Anayasa değişikliğinin, daha oylanmadan sonuç vermesi ilginç değil mi? Her ne kadar siyasi partiler meydanlarda, anayasa paketinin içeriğine girmese de bilinçli kesimler şimdiden harekete geçti bile. İşte en canlı örnek "Memurlar"! Hatırlıyorum da bu ülkede memur sendikası diye bir kavram yoktu. Maliye bürokratları otururlar, o yılki enflasyon tahminine, büyüme hedefine göre bir oran belirlerler, sonra da Başbakan'ı ikna etmeye çalışırlardı. Genellikle, ilk oranlar düşük tutulur, memura jest yapması için Başbakan'a bir marj bırakılırdı. Memur adına konuşan kimse bulunamazdı. Bir gazeteciler, iki milyonu aşkın memurun hislerine tercüman olurduk.
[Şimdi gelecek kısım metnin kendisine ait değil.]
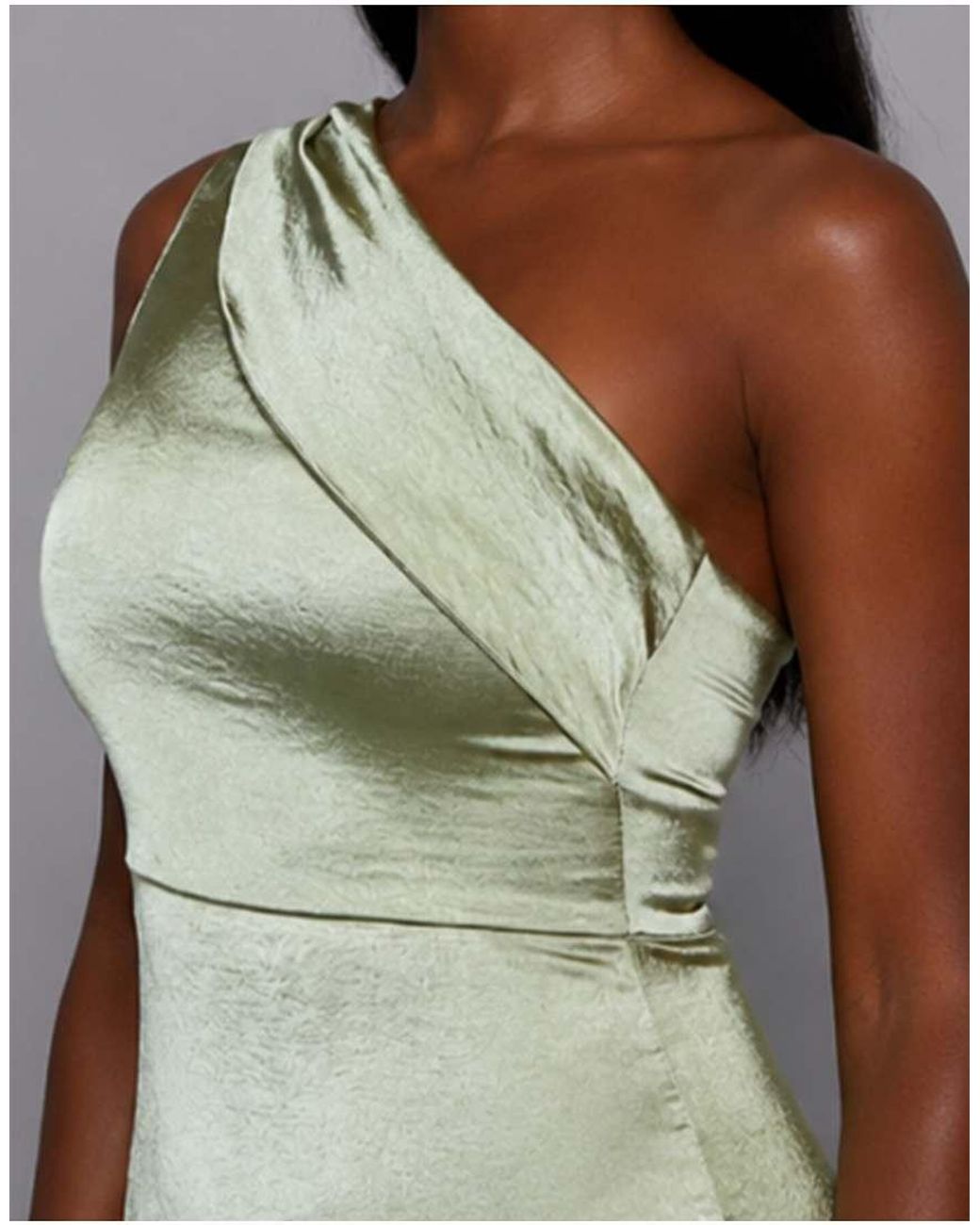 Vesper Brown One Shoulder Satin Maxi Dress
Derken anayasal engel kısmen kalktı, memur sendikalaşmaya başladı. Lakin yeterince bilgili ve deneyimli değildi. Pazarlığa oturduğu kişiler de memurdu. Bir taraf sadece memuru değil hükümeti de düşünmek durumundaydı. Memur- memura karşı görüntüsü, garipliklere de sahne oluyordu. Fıkralar anlatılıyor, kuru kavgalar yapılıyor, kariyerli bürokratlar ise "Bu adamlarla bizim ne işimiz var?" diye yakınıyorlardı.
Üçüncü aşamaya geçildiğinde, memur sendikaları ideolojik ayrışmalarına rağmen olgunlaştı. Gerçi toplu sözleşme yapamıyorlar, "Toplu görüşme" yöntemi ile isteklerini sıralıyorlar, hükümetler de direnme noktalarını açıklıyorlardı. Sendikalar, belki istedikleri zam oranını alamadılar ama uzlaştırma kurulları marifetiyle yeri geldi siyasetçinin bileğini de büktüler.
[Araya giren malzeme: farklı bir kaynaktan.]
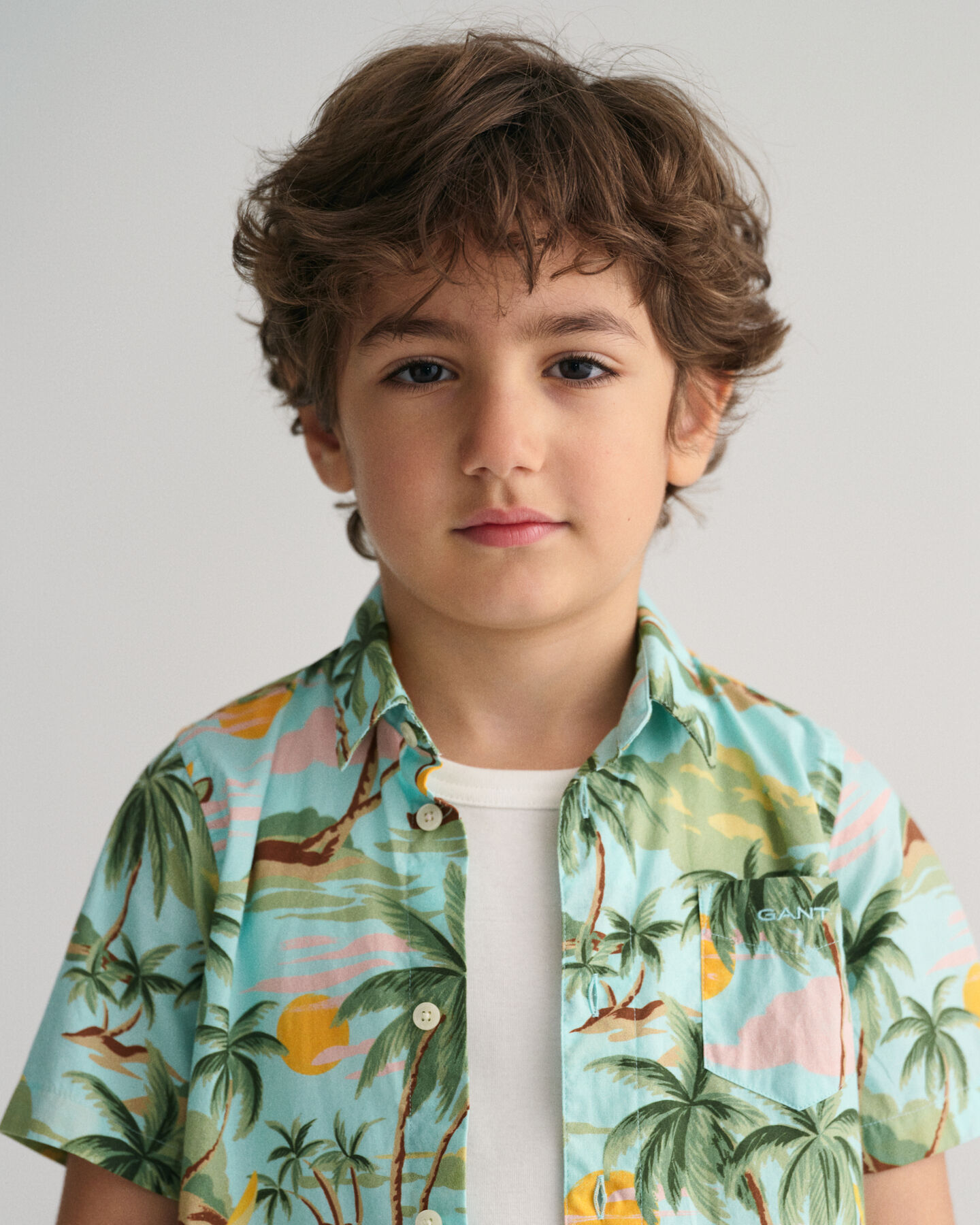 Kids Palm Print Cotton Short Sleeve Shirt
Ve şimdi yepyeni bir aşamadayız. Anayasa değişikliği eğer yürürlüğe girerse memur için "toplu sözleşme" dönemi açılacak. Aslına bakarsanız fiilen açıldığını ilan edebiliriz. Dün, memur sendikaları ile hükümet, 2011'deki mali ve sosyal hakları için toplandığında bir sendikacı şöyle diyordu:
"Eksikliklerine rağmen toplu sözleşme hakkının anayasa paketine girmesini önemsiyoruz. Hükümet, pakette var olan bu hakka göre hazırlıklı gelmeli, fiili durum oluşturmalı ve toplu sözleşmenin başlangıcını bu yıl yapmalı!"
İşte bu vurgunun üstüne söylenecek fazla bir söz yok. Daha bugünden, "Memurlara milli gelir artışından pay verilerek gelir dağılımında adalet sağlanması, gelir vergisi oranlarının indirilerek dar gelirliler aleyhine olan durumun düzeltilmesi" konuşulmaya başlandı.